> **Input data**:
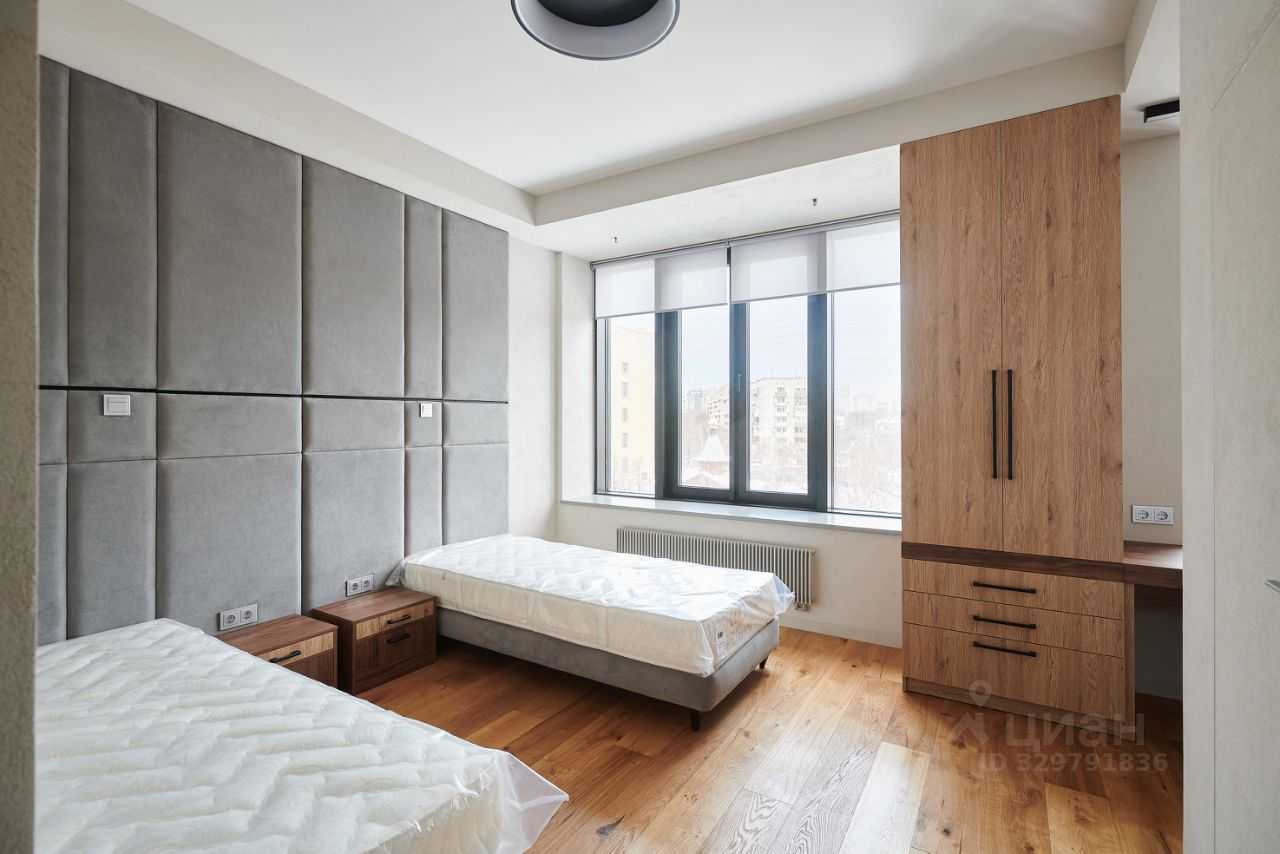 4-комнатная квартира, 160 м² — фотография 3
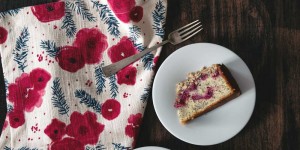 Beitragsbild des Blogbeitrags Cherry Poppyseed Cake 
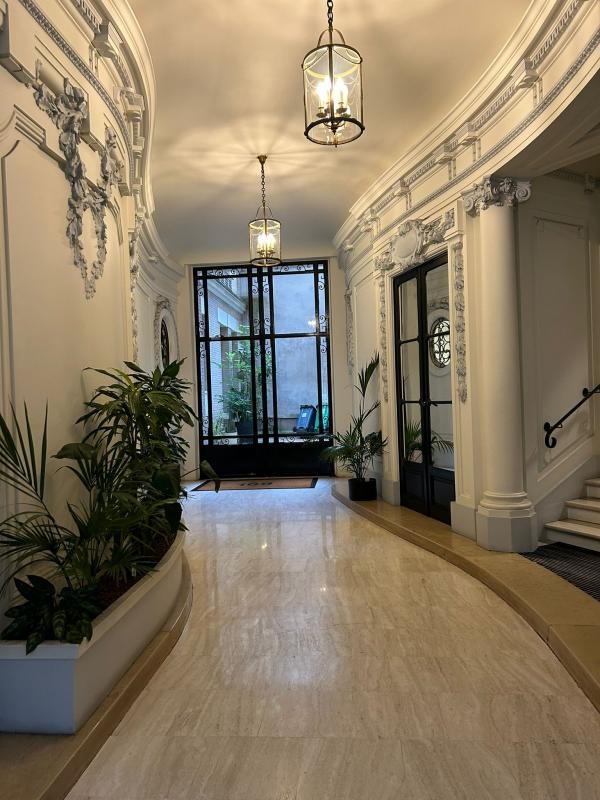 Location Appartement à Paris Élysée  8e arrondissement 5 pièces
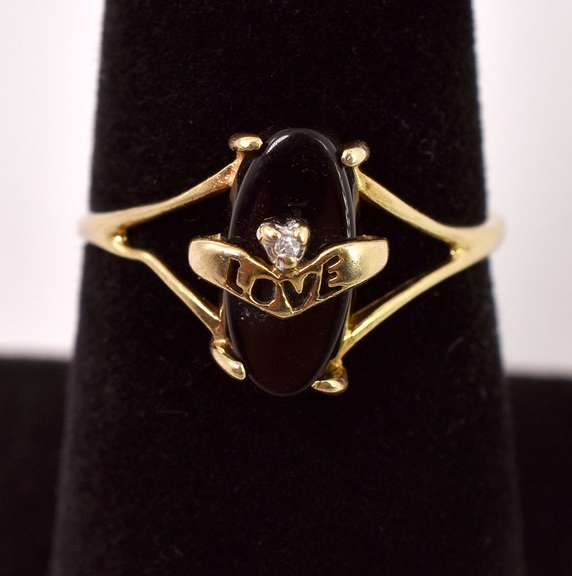 Romantic Black Onyx Ring in Yellow Gold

> **How to complete this task**: Leave every picture out. Retype the remaining data exactly.

> **Solved problem**:
 4-комнатная квартира, 160 м² — фотография 3
 Beitragsbild des Blogbeitrags Cherry Poppyseed Cake 
 Location Appartement à Paris Élysée  8e arrondissement 5 pièces
 Romantic Black Onyx Ring in Yellow Gold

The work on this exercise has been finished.